== WHAT THIS TASK INVOLVES ==
Pictures in the material below are to be left out, and only the lines from the line with "70 Elm St #3, Lewiston, ME 04240" up to and including the line with "Russ Pope - @pope_russ - Twitter" are to be written out exactly.

Top of GIVEN RECORDS

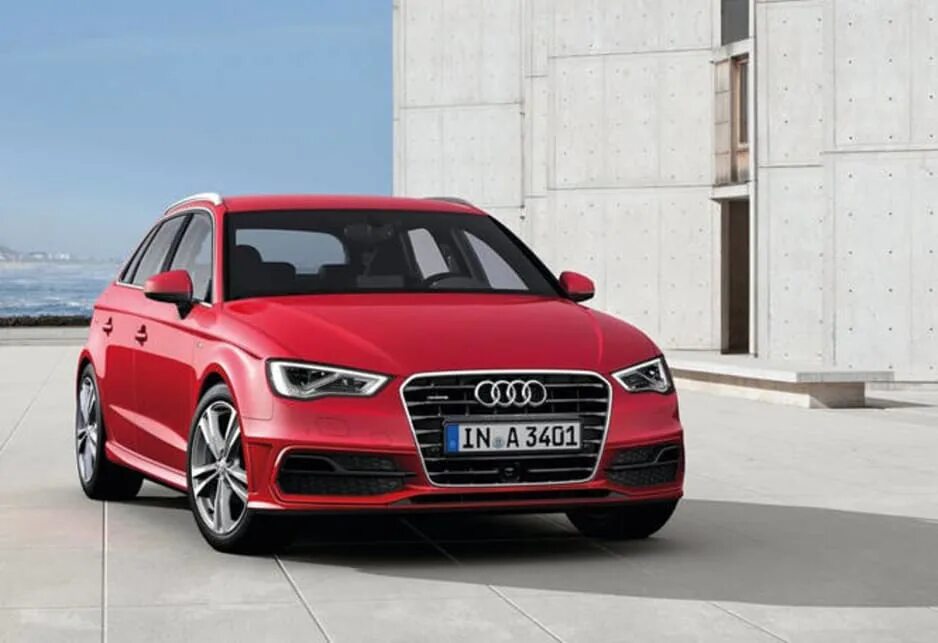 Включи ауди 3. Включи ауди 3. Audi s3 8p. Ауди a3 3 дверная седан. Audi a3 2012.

Bottom of GIVEN RECORDS
Top of GIVEN RECORDS

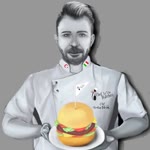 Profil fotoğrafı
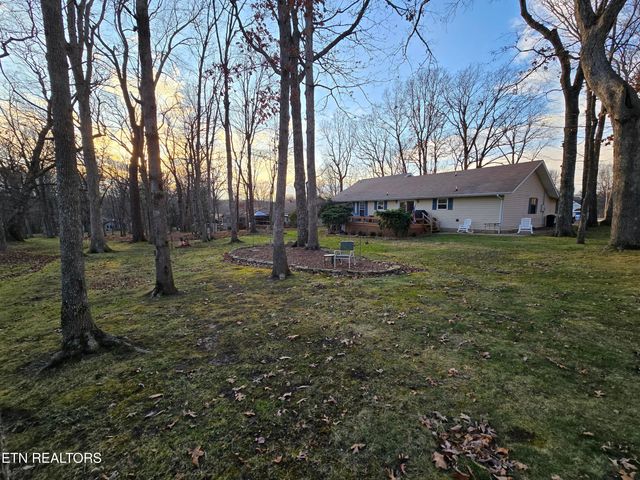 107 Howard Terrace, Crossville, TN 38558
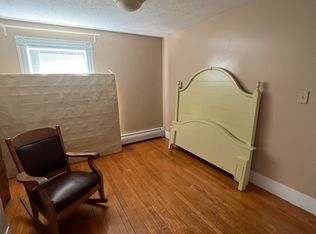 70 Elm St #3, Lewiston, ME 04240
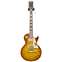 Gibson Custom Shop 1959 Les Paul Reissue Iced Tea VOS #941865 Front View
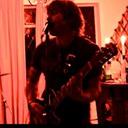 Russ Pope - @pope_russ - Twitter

Bottom of GIVEN RECORDS

== YOUR SOLUTION ==
 70 Elm St #3, Lewiston, ME 04240
 Gibson Custom Shop 1959 Les Paul Reissue Iced Tea VOS #941865 Front View
 Russ Pope - @pope_russ - Twitter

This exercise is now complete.